= YOUR OBJECTIVE =
Set out exactly every line of the entries below, starting at the line that holds "Boston Proper Side" and stopping after the line that holds "Gazpacho andaluz and".

= MATERIAL SUPPLIED =

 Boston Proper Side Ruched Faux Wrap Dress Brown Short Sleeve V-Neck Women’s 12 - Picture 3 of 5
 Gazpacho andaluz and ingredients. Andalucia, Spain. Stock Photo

* * *

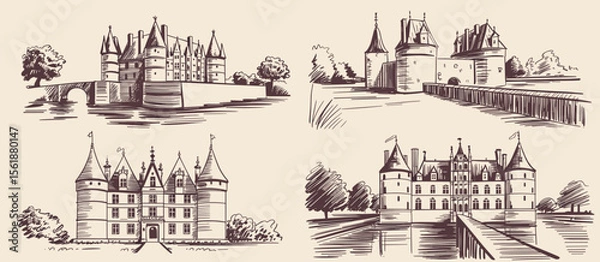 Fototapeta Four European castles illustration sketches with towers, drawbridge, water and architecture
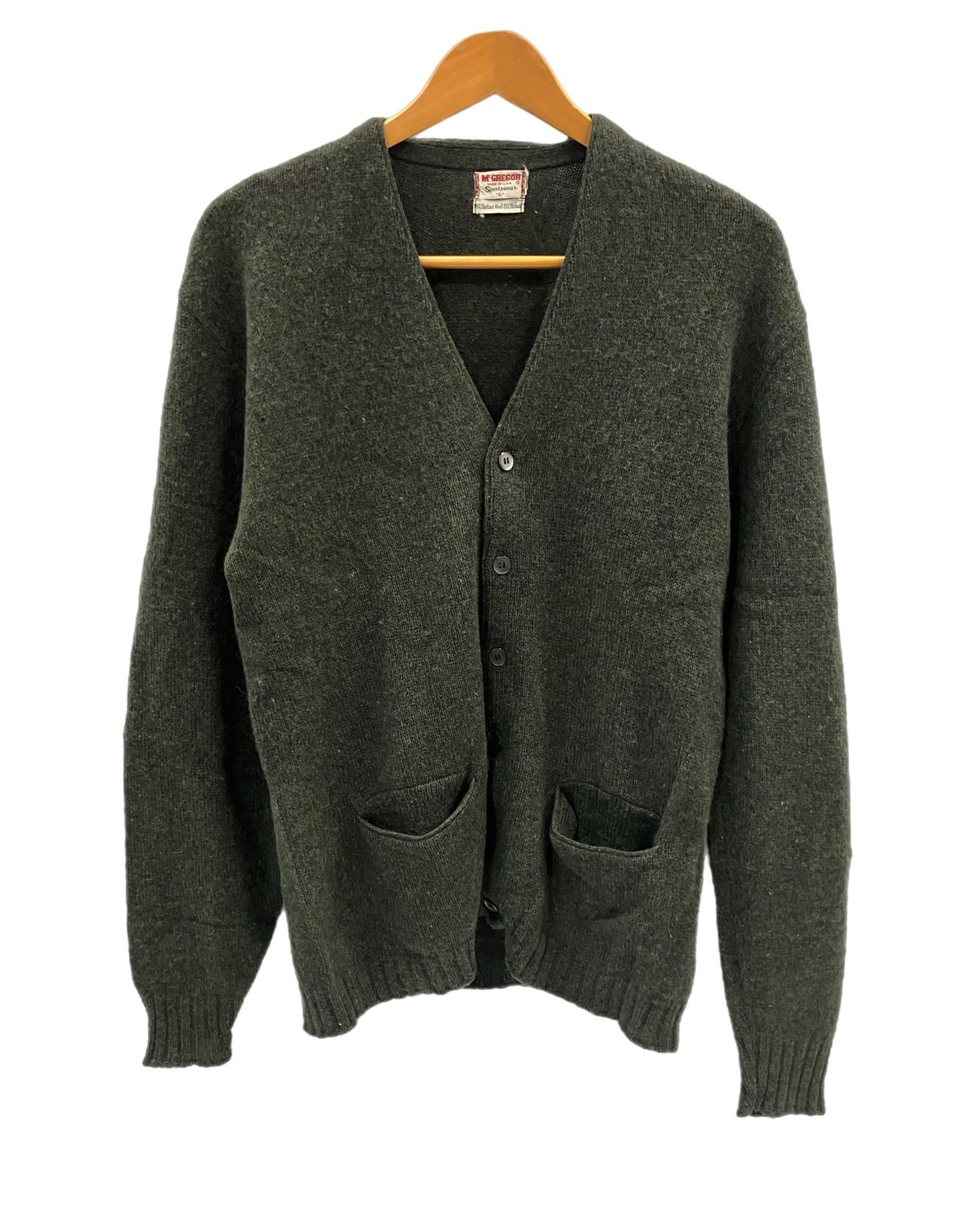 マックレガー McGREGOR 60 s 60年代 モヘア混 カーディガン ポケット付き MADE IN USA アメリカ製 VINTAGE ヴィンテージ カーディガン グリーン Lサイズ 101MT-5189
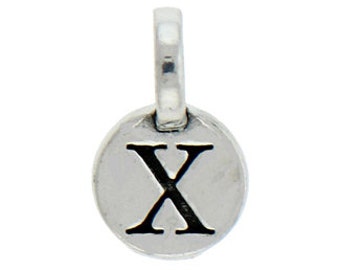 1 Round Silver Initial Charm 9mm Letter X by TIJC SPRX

= SOLUTION TO THIS EXERCISE =
 Boston Proper Side Ruched Faux Wrap Dress Brown Short Sleeve V-Neck Women’s 12 - Picture 3 of 5
 Gazpacho andaluz and ingredients. Andalucia, Spain. Stock Photo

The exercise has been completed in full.